Pero, hombres rectos y sabios –como debían de ser muchos zelotas y fariseos–, le decían que eso no podía ser. La semilla del Reino solo crece con trabajo y sacrificio y cumpliendo con todo el deber. Dios se regala –decía a Teresa el sacerdote Gaspar Daza– a personas muy mortificadas. Él y Francisco de Salcedo, el «caballero santo… de vida tan ejemplar y virtuosa», le dijeron que tenía «mal espíritu», que lo suyo «era demonio».

De Jesús, habían dicho que actuaba con el poder del demonio, que estaba endemoniado. El evangelista Juan dice que Jesús replicó: «Estáis desconcertados». Porque no podían asimilar que Dios hiciera el bien fuera de los parámetros establecidos, rompiendo la lógica de merecimientos. Daza y Salcedo también estaban desconcertados: Dios se salía del canon.

La gratuidad de Dios es un escándalo. Lo era para fariseos y zelotas. Lo era, también, para muchos letrados del siglo XVI y las autoridades eclesiásticas. Y lo sigue siendo. Porque la gratuidad produce un vértigo importante: el de no poder controlar. No se puede controlar a Dios, que deja de ser previsible y comprable. No se puede manejar a quien vive bajo esa experiencia, porque su tierra da fruto por sí misma. Y tampoco se puede saber qué dirección va a tomar la propia vida. La gratuidad asusta a la lógica gestora.

Teresa entró en la lógica de Dios, primero confundida y desbordada, después con inmensa alegría. Como si su más profundo deseo hubiera encontrado el cauce por el que discurrir.

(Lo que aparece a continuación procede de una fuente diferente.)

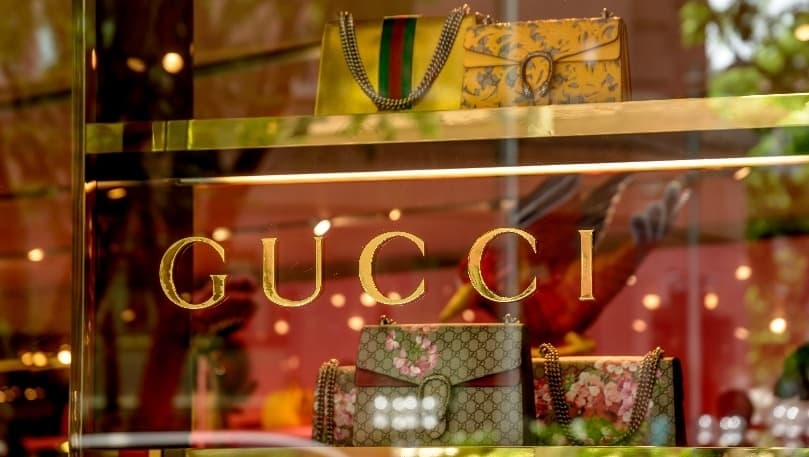 luxury services - gucci logo and handbags in a shop window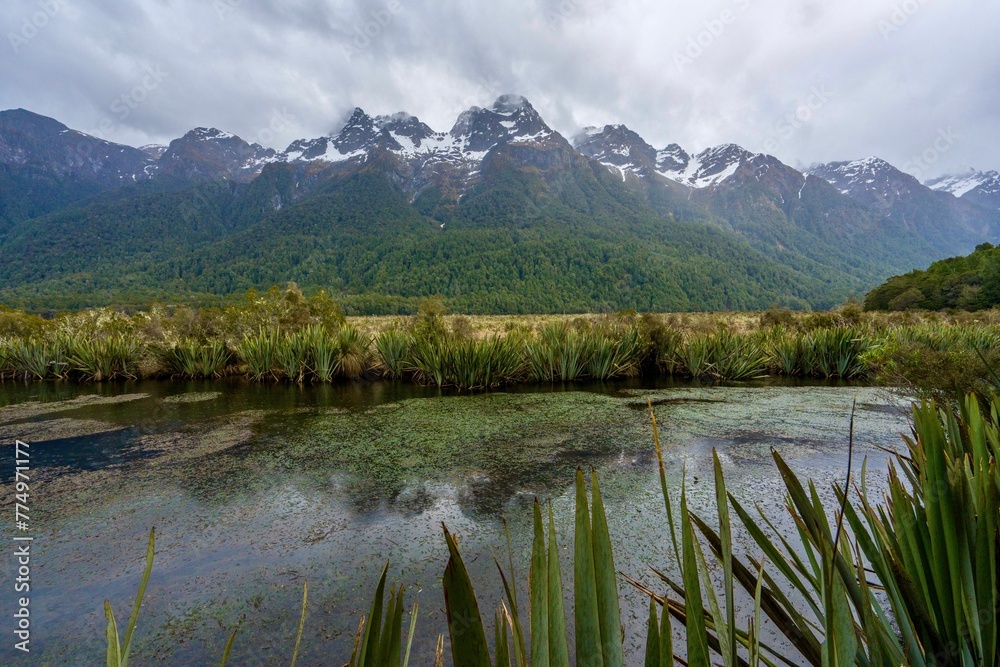 Landscape view with Mirror Lakes on a gloomy day, snowy mountains and cloudy sky background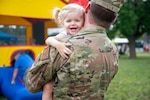 An airman holds a smiling young girl.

Tal vez por eso, al hablar de la unión íntima con Dios, decía que era «como si un arroyico pequeño entra en la mar, no habrá remedio de apartarse».

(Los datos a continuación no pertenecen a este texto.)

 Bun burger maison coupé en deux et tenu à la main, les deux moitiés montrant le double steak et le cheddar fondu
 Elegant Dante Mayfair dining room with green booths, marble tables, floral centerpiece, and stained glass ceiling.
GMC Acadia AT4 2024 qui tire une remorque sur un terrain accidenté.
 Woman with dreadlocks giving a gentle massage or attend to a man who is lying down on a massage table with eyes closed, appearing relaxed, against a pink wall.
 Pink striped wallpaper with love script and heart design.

Entrar en esa lógica fue, para ella, poder decir: «Si Él quiere que crezcan estas plantas y flores a unos con dar agua que saquen de este pozo, a otros sin ella, ¿qué se me da mí? Haced vos, Señor, lo que quisiereis». Era releer la vida, al paso que la vivía, sintiendo que en «todo parece obra el Señor».

Intuyó, entonces, una gratuidad compartida en aquel «tratar de amistad, estando muchas veces tratando a solas con quien sabemos nos ama». El silencio con Él se convirtió, para ella, en la paciencia del sembrador. Sencillamente, «estarse con su Señor a solas».

También así, la gratuidad humana se convierte en un grano de mostaza, «la más pequeña de todas las semillas», que crece misteriosamente y «echa ramas tan grandes que las aves del cielo pueden anidar en ellas». Unas ramas que pueden acoger todo lo humano.

Quien ha bebido siquiera unas gotas de ese vino único sabe que la pasividad que produce entrañarse con Dios, redunda en todo y da el ciento por uno. Nadie que viva en la experiencia de la gratuidad quedará quieto… ni querrá moverse de esa bodega.

Teresa no es más que un testigo de Jesús y del Reino, del Dios que siempre está llegando. Por eso, dirá que aquel escándalo que supone el superávit de bondad de Dios invita, también, al descanso: «Entonces, alma mía, entrarás en tu descanso cuando te entrañares con este sumo bien, y entendieres lo que entiende, y amares lo que ama, y gozares lo que goza».